Piasek czasami wezmie do buzi ale to tylko wtedy jak w piasku zobaczy ze lezy jakis smietek to to wtedy chce wygrzebac i sprobowac,ale jak ma te akcesoria do zabwy w paskownicy to ladnie sie bawi ,tyle ze ze czasami tez te foremki czy lopatki do buzi bierze.Ogolem jest mega zadowolona z pobytu w paskownicy i zawsze jest krzyk jak ja zabieram......teraz jak bede szla gdzies dalej i wstapimy do piaskownicy to wezme sobie w termos letniej wody zeby potem przeplukac raczki ;-) np w Zoo jak bedziemy w niedziele to tam tez jest plac zabaw i pewnie piaskownice zaliczymy.Ostatnio na placu zabaw za nurkowala normalnie w ten piach.Jakby plywala,normalmnie szok.

Ja nie kupuje tego rowerku,jakos z Vanesska sie obylo,miala potem taki 3 kolowy bez zabezpieczenMysle ze na przyszly rok kupie Klaudii taki 12'calowy z doczepianymi kolkami .

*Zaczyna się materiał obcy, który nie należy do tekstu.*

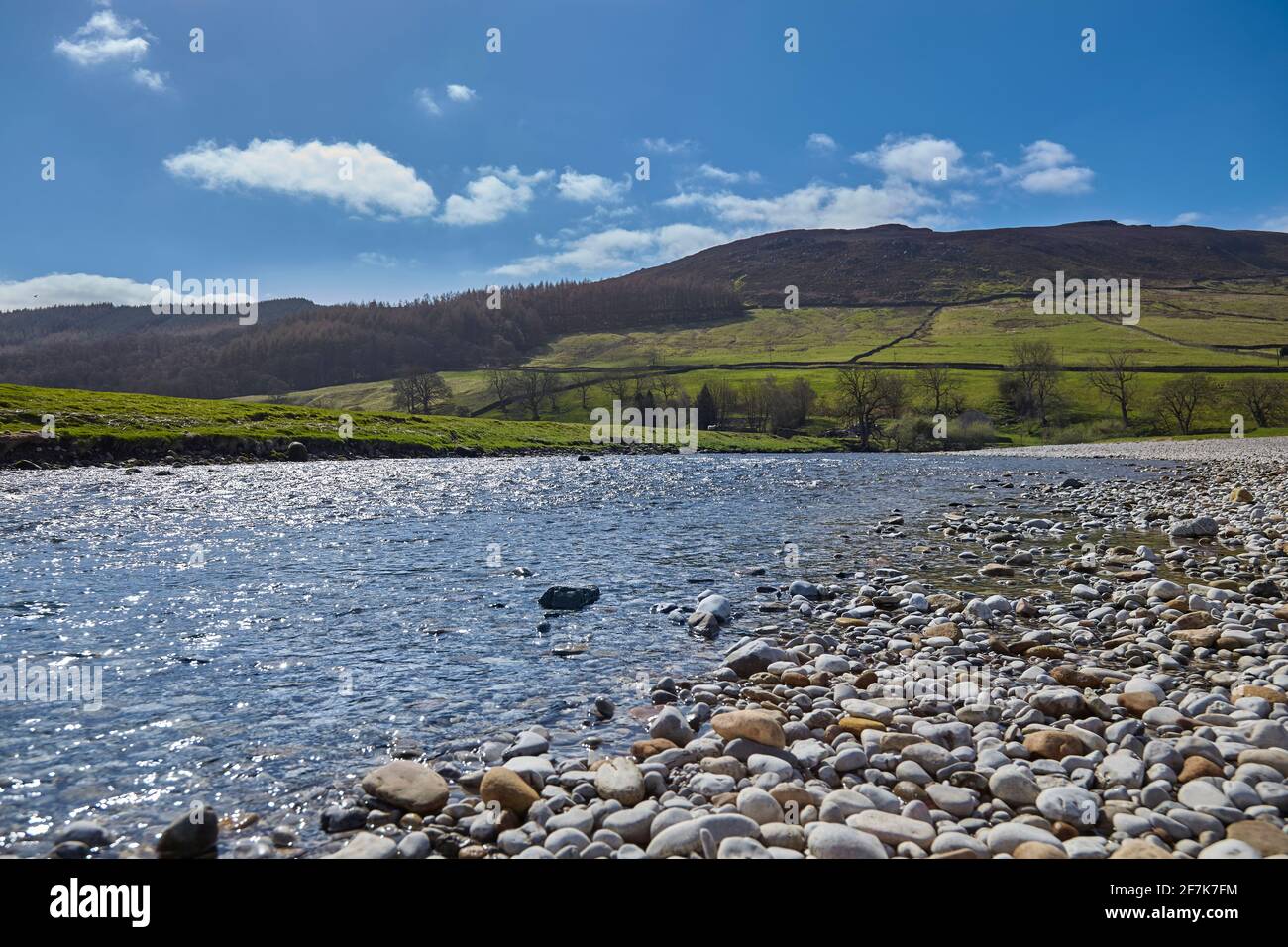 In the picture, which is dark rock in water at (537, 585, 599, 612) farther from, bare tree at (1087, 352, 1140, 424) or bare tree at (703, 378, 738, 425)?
bare tree at (1087, 352, 1140, 424)

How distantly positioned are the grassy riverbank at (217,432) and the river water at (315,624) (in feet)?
64.1

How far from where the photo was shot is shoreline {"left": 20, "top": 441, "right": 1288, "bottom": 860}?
200 inches

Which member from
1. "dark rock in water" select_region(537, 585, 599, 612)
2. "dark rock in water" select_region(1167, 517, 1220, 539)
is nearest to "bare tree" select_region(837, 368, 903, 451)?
"dark rock in water" select_region(1167, 517, 1220, 539)

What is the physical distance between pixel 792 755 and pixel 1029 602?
23.6ft

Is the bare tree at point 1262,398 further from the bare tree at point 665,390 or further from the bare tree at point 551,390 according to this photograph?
the bare tree at point 551,390

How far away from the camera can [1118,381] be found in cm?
12675

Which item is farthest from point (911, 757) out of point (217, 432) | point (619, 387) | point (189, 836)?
point (619, 387)

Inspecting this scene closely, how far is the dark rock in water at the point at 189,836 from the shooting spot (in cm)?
511

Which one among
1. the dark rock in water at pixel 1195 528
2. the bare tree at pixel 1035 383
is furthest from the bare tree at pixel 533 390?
the dark rock in water at pixel 1195 528

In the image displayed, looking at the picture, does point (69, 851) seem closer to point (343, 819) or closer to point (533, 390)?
point (343, 819)

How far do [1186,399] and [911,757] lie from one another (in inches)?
5179

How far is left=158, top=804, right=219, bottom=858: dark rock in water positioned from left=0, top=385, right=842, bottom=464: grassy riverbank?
158 feet

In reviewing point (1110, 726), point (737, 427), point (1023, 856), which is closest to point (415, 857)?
point (1023, 856) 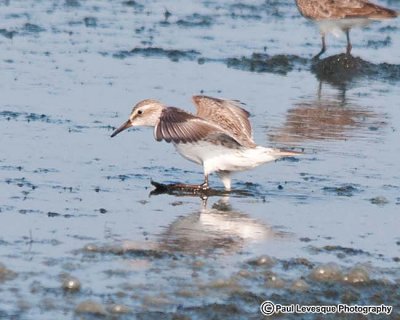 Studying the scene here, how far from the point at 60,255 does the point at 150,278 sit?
2.26 feet

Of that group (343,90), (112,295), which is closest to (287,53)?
(343,90)

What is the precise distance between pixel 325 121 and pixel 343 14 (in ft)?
15.6

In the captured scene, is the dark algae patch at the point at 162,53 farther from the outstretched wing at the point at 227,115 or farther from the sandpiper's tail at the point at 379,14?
the outstretched wing at the point at 227,115

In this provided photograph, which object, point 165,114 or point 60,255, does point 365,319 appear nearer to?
point 60,255

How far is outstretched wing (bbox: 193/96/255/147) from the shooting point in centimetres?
1059

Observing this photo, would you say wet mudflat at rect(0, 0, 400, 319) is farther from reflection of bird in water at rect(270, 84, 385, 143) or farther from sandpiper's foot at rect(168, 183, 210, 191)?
sandpiper's foot at rect(168, 183, 210, 191)

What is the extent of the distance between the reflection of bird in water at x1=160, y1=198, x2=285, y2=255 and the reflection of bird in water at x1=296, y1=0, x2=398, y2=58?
27.3 ft

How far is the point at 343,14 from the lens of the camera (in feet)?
58.2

Klaudia jak juz pisalam nie raz bardzo lubi bujac sie na tym koniku,teraz to juz nawet sama wchodzi na niego kiedy chce i sie buja :-) .http://allegro.pl/item610398289_little_tikes_konik_kon_na_biegunach_bujak_gratis.html

Dla dzieciaczkow na drugi rok to
Fajne sa takie pojazdy http://allegro.pl/item607934000_quad_na_pedaly_lepszy_jak_rowerek_rower_wyprzedaz.html

albo taki samochod na pedaly http://allegro.pl/item612114165_mercedes_slk_dzwieki_na_pedaly_replika_orygina.html
he mialam jak bylam mala taki sprzet na pedaly,no nie mercedesa ale taki byl fajny rozowy ;-)
a na 3 rok zycia na akumulator bajer ,sama bym pojezdzila http://allegro.pl/item608371907_nowosc_2_osobowe_bmw_cabrio_mega_mocne_ziandrzej.html

Tylko worek pieniedzy by sie przydal jeszcze ;-)
 
Ostatnia edycja:
No właśnie Iwonka też chyba wolę kupić już porządny rower. Ten niby policyjny to raczej w ramach wielkiego wozu, na punkcie których oszalał ostatnio.

Na roczek mamy zaplanowany stolik chicco i już raczej się nie zmieni. Cos szachrają na aukcjach z kosztami przesyłki, niech sobie stówę lub dwieście policzą za przesyłkę a za towar 5 zł.:no: Matoły.

Kupiłam na spacerze takie picie w kartoniku tymbarka bez cukru bo zapomniałam zabrać z domu wodę. Próbowałam przekonać do słomki i nie , nie da rady.
P. mu dał to obalił prawie cały kartonik. Wiec najprawdopodobnie na złosć mamie pić nie będzie.
Teraz mówie do P. niech go uczy z bidonu pić, skoro sie Młody przy nim tak popisuje.

Z piaskownicą jeszcze nie próbowałam, bo mi sie wydaje , ze wszedzie syf.
Nawet na tym placu co chodzę wszedzie piach a w nim jakieś barachło, kiepy, papierki. Na osiedlowej piaskownicy to wogóle syf, kiła , mogiła. Dzieci sie bawią, psy sikają, robale jakieś. Piasku to ja nie wiem kiedy dowozili, pewnie to ten sam co w 1984 jak ja się w nim bawiłam :-p
 
Szopek z tym piachem w piaskownicy to mozesz miec racje ze juz ma tych pare wiosenek:-D:-D:-D:-D obserwuj ,moze wymienia na nowy:tak:ja to widze tu na placu zabaw kiedy nowy bo jest jego duzo wiecej..
A ciekawe ja jeszcze nie probowalam dac takiej wody z butelki z dziubkiem,moze to by zalapala :confused:na spacerku to dobre by bylo.Ktos probowal?
 
Panna Migotka, ja jakbym miała kupować, to kupiłabym taką nasi znajomi ją mają i Mati huśtał się już ze 3 miesiące temu i bardzo mu się podobało...pewnie dlatego teraz lubi huśtać się też na placu zabaw...
 
reklama
Dziewczyny, jak sądzicie, jest sens kupować taką huśtawkę?
My kupiliśmy taką, tylko bez pasów. Brak pasów bardzo przeszkadzał na początku ( kupiliśmy ja na Mikołaja) a teraz zupełnie nie. Jakoś się umie teraz zachować- nie fikać tylko cieszyć huśtaniem. Szybko w niej zasypia, właściwie codziennie przed południem. Ma stabilniejsze plecy ( huśtawka), bardziej zabudowane niż ta drewniana - wygodnie się oprzeć. Tak więc polecam.

Jak ja byłam mała, też lubiłam usypiać w huśtawce i miałam akurat taka jak pokazała Ansusiasac.